In both cases, it’s a garish, grotesque slab of silliness drowned in bloody visual effects overkill with an end result that is more horrible than horrific.

Its targeted young urban male demographic, looking for a little midweek pre-Halloween distraction, might initially be drawn by what is touted as Snoop Dogg’s first starring role, but ultimately the New Line release shouldn’t expect to make much in the way of bones at the boxoffice.

Ironically, for a project supposedly tailor-made for the laid-back rapper, Snoop Dogg doesn’t log a lot of screen time as a superfly ghost circa 1979 who takes care of a little vengeance-related business.

The real star of the picture is the nasty-looking, haunted brownstone in a bad part of town that entrepreneurial brothers Patrick (Khalil Kain) and Bill (Merwin Mondesir) have in mind to convert into a happening club.

Refusing to heed any number of obvious signs that their property could have more than a few skeletons in its decrepit closets, the siblings, with a little help from stepsister Tia (Katharine Isabelle) and friend Maurice (Sean Amsing), proceed with their plans.

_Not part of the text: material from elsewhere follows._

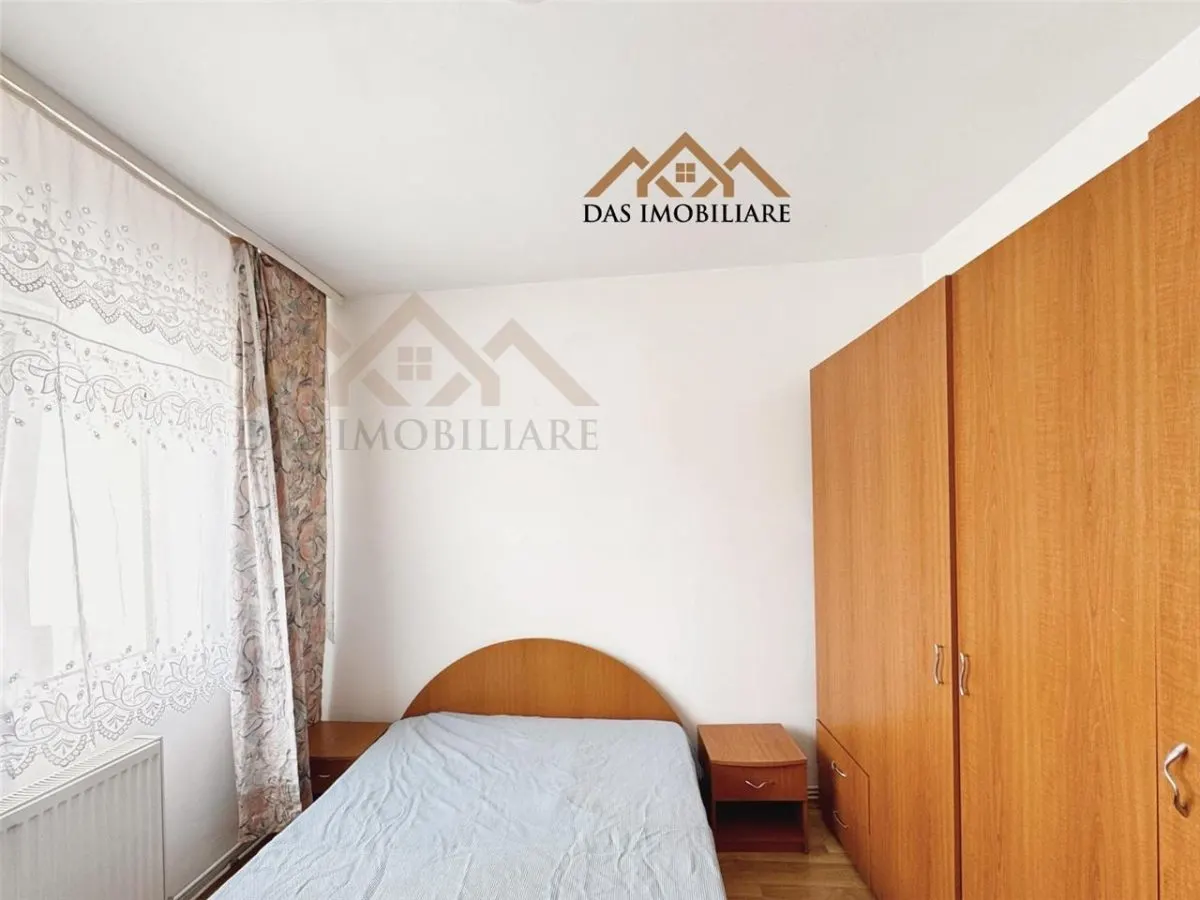 Apartament 2 camere, decomandat, str.Dobrogei - foto 4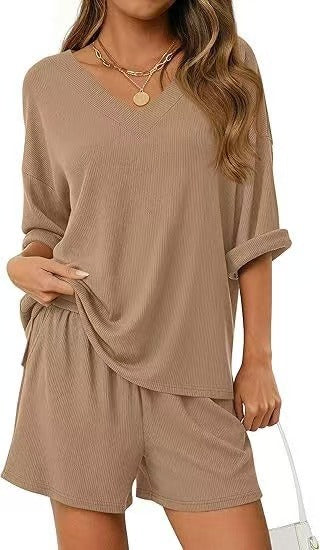 Womens Casual Commuter Two-Piece Set Short-Sleeve T-Shirt And Cropped Shorts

What they don’t know is that back in the day, the building was the swank headquarters for neighborhood protector Jimmy Bones (Snoop Dogg), who, according to an old rhyme, “got a switchblade loose and a diamond on his hand.”

As the flashbacks reveal, when Jimmy refuses to deal crack cocaine to his people, he’s murdered, Julius Caesar-style, by a number of those who were seemingly closest to him.

Back in the present, all the renovations have succeeded in disturbing Jimmy’s resting place, with predictably dire results.

Admittedly, those bleached-out groovy ’70s flashbacks are sort of fun at first, and Snoop Dogg fits in convincingly with the era, especially when he’s joined by his Afro-coiffed woman, Pearl (played by the ageless Pam Grier).

But it all quickly gives way to tired, over-the-top excess.

Director Ernest Dickerson, best known for his fine lensing work with Spike Lee, in correctly assessing that the bare-bones Scooby-Doo-in-the-Dogg-pound script (penned by Adam Simon and Tim Metcalfe) needed some visual oomph, slams it with a barrage of extreme imagery that makes some of the wilder stuff in “The Cell” look refined by comparison.

By the time the bickering severed heads make an appearance, “Bones” has already tried so many recycled tones on for size that the strange stench emanating from that funky brownstone has the unmistakable odor of desperation, and it’s not a pleasant sensation.